A December 2003 Michigan Court of Appeals decision sheds some light on how courts might limit the use of the “knock and talk” technique. See Michigan, v. Galloway, 259 Mich. App. 634; 675 N.W.2d 883; 2003 Mich. App. LEXIS 3134.
In May 2001, the Michigan State Police marijuana eradication team received an anonymous tip that marijuana was being grown on an individual’s property. Officers conducting a flyover of the property observed plastic pots and potting soil on the grounds but did not see any marijuana plants. An unidentified person on the property waved to the officers during the flyover.
Ground units went to the residence intending to meet the property owner and ask for permission to search the property for marijuana. Sgt. Lawrence Scott arrived first and was followed closely behind by Trooper Schwalm. Scott observed a person in the side yard and went to speak with him. After determining that the person was a neighbor, Scott proceeded to the back yard where he saw Schwalm and another person sitting at the rear of the home. Scott then noticed a lean-to attached to the back of the home. He could see that the structure contained several marijuana plants. About the same time, the defendant in this case appeared from a wooded area on the rear of the property and entered the lean-to. He was arrested and handcuffed when he ignored Scott’s commands to stop.
By this time other officers had arrived at the home and had spoken with the defendant’s wife, who had been inside the home. Those officers took the wife to a police vehicle and, after explaining why they were there, obtained a written consent to search. They acknowledged to her that they had not observed marijuana from the helicopter.
A subsequent search of the property resulted in the seizure of 122 marijuana plants from the lean-to. Troopers also found a small amount of marijuana and residue in the home. The defendant was charged with manufacturing marijuana. He filed a motion to suppress and the trial court concluded that the search and seizure were illegal.
On appeal, the state argued that the search and seizure were permissible because the police had accessed the defendant’s property for a “knock and talk” and had discovered the plants in plain view.
The court noted that it had previously upheld the constitutionality of the knock and talk tactic in People v. Frohriep, 247 Mich. App. 692, 702; 637 N.W.2d 562 (2001). (In Froheip, police seized evidence of criminal activity after first obtaining consent to search.)
The court in this instance noted that the seizure came after officers had entered the defendant’s property and before they had obtained permission to search.
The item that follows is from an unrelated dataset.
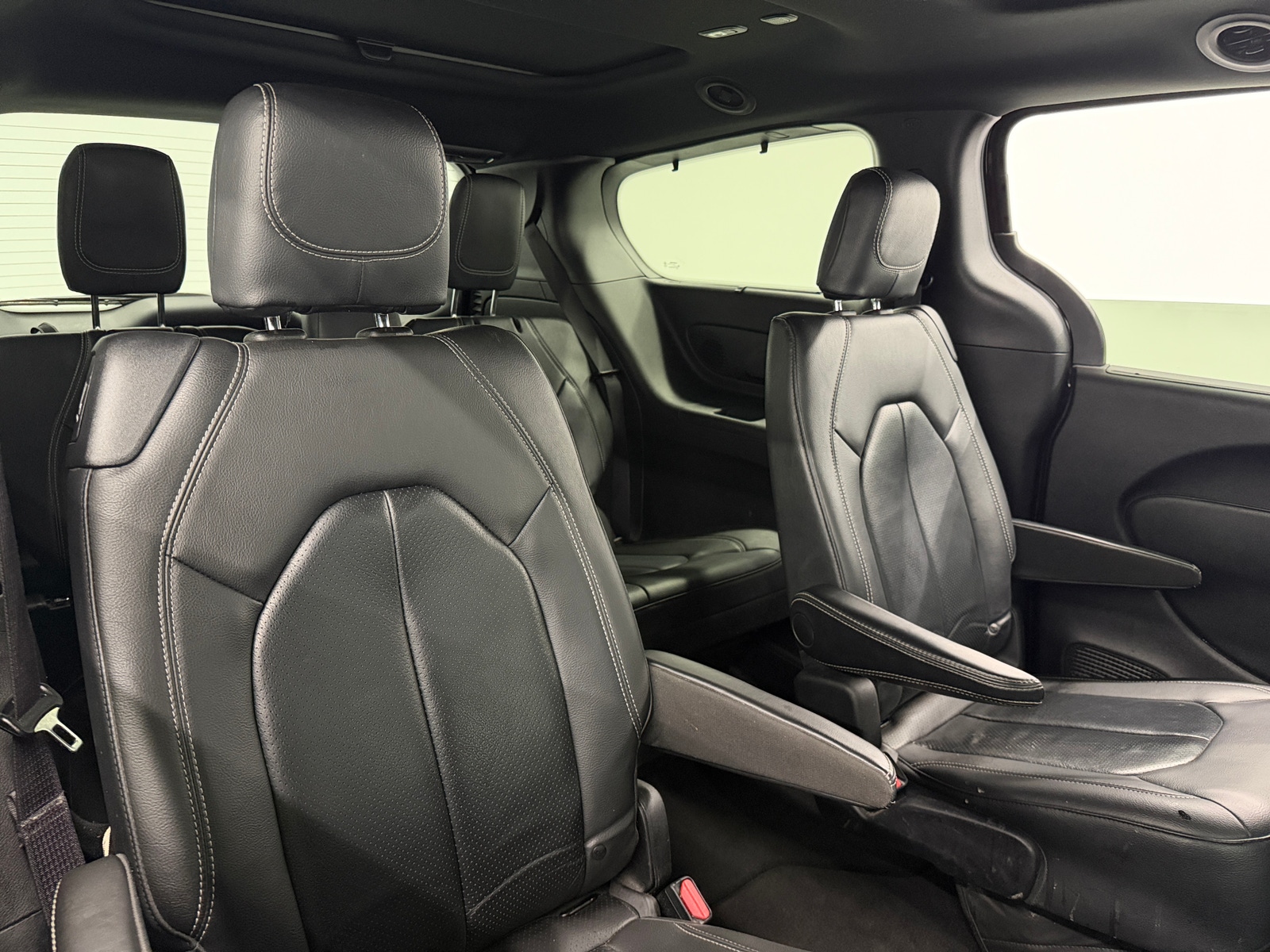 Thumbnail: 2019 Chrysler Pacifica - 5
The court found that the seizure was based on the plain view doctrine and not consent. Accordingly, the court concluded that it had to determine whether the seizure was allowable under plain view rules.
In plain view situations, an officer can seize illegal items if he is lawfully in a position to view the contraband. Thus the key question in this case became whether the sergeant had a legal right to go onto the rear of the property, where he discovered the marijuana. The court concluded that the police intrusion into the backyard was illegal.
The court noted that the original anonymous tip indicated that marijuana would be found in a structure immediately behind the house (the lean-to). It also observed that the sergeant did not wait until the knock and talk was performed and consent obtained before going to the rear of the home. Citing precedent, this court wrote: “It is not objectionable for an officer to come upon that part of the property which ‘has been opened to the public common use.’ The route which any visitor to a residence would use is not private in Fourth Amendment sense, and thus if police take the route ‘for the purpose of making a general inquiry’ or for some other legitimate reason, they are ‘free to keep their eyes open,’ and thus it is permissible for them to look into a garage or similar structure from that location.”
In this instance, the court said the police, without knowledge that anyone was present in the backyard, ignored the knock and talk protocol and went directly to the backyard where they had been told marijuana would be found. The court said that the proper application of the Fourth Amendment depends on whether the actions of the police were reasonable. In this instance the court said it was unreasonable for the police to bypass the front door and obtain permission before intruding further onto the defendant’s property.
Consequently, the court affirmed the lower court’s decision that the evidence was seized illegally.
The knock and talk tactic can be a very effective investigative technique. The court in this case did not disagree with its use. It merely limited how far an officer can go onto private property in an effort to gain consent.